An exact restatement of all the data is required, with the pictures left out.

Data block:
-- Opening Marker --
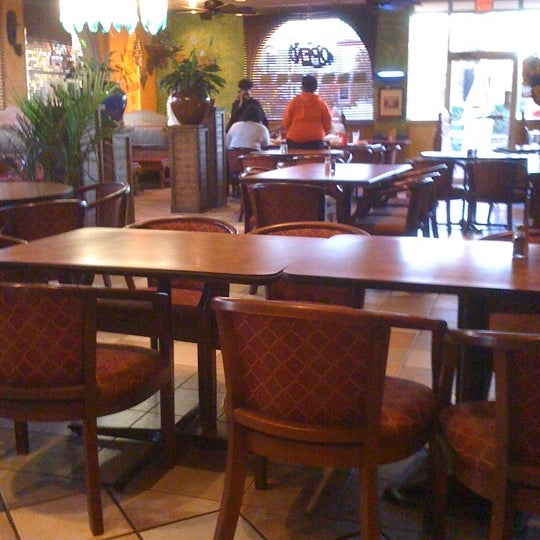 Photo taken at La Fiesta Mexican Restaurant by Daniel H. on 11/5/2011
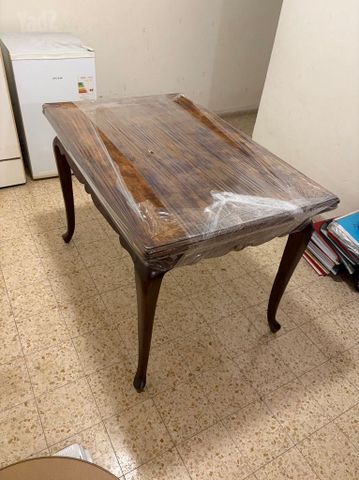 שולחן וינטג׳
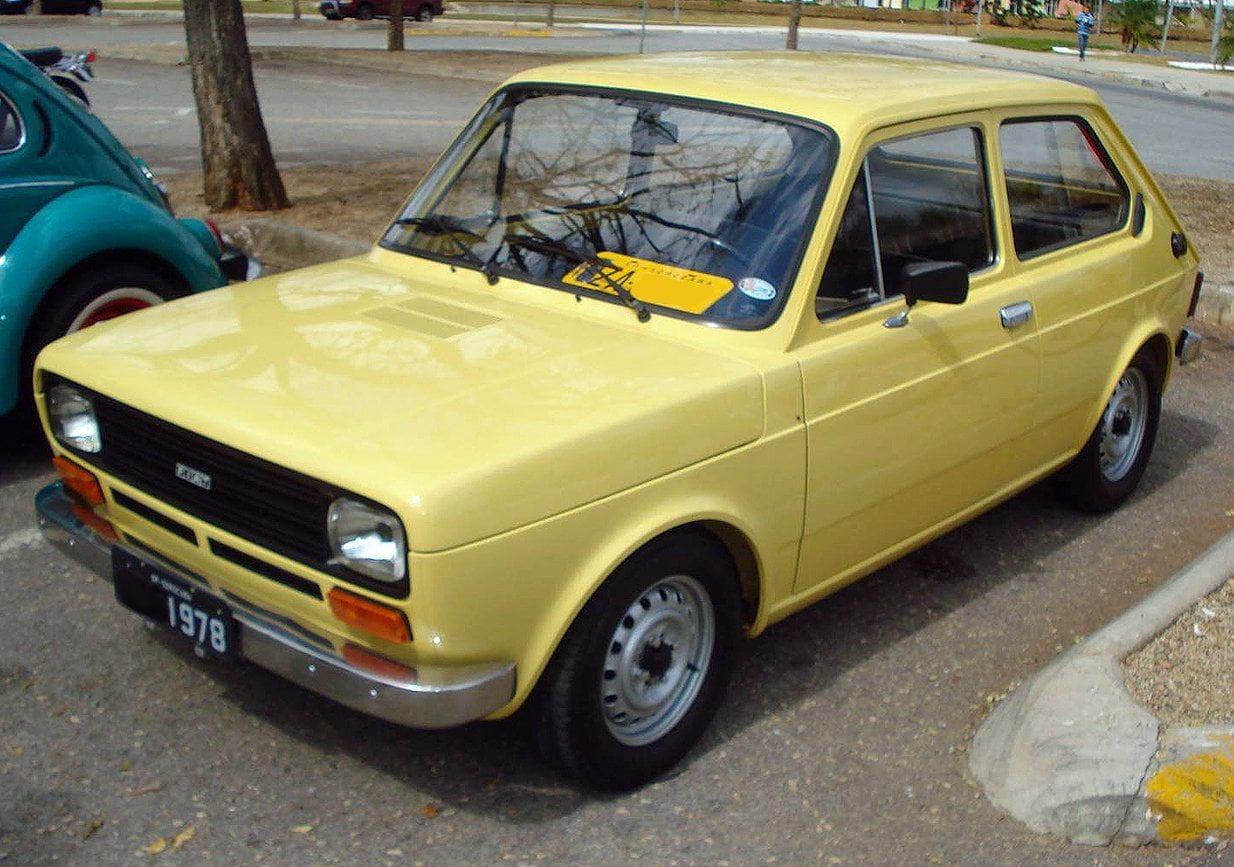 Fiat Uno sai de linha no Brasil; veja a história do primeiro carro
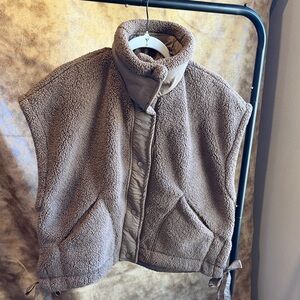 Love Tree Brown Sherpa Vest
-- Closing Marker --
Your response:
 Photo taken at La Fiesta Mexican Restaurant by Daniel H. on 11/5/2011
 שולחן וינטג׳
 Fiat Uno sai de linha no Brasil; veja a história do primeiro carro
 Love Tree Brown Sherpa Vest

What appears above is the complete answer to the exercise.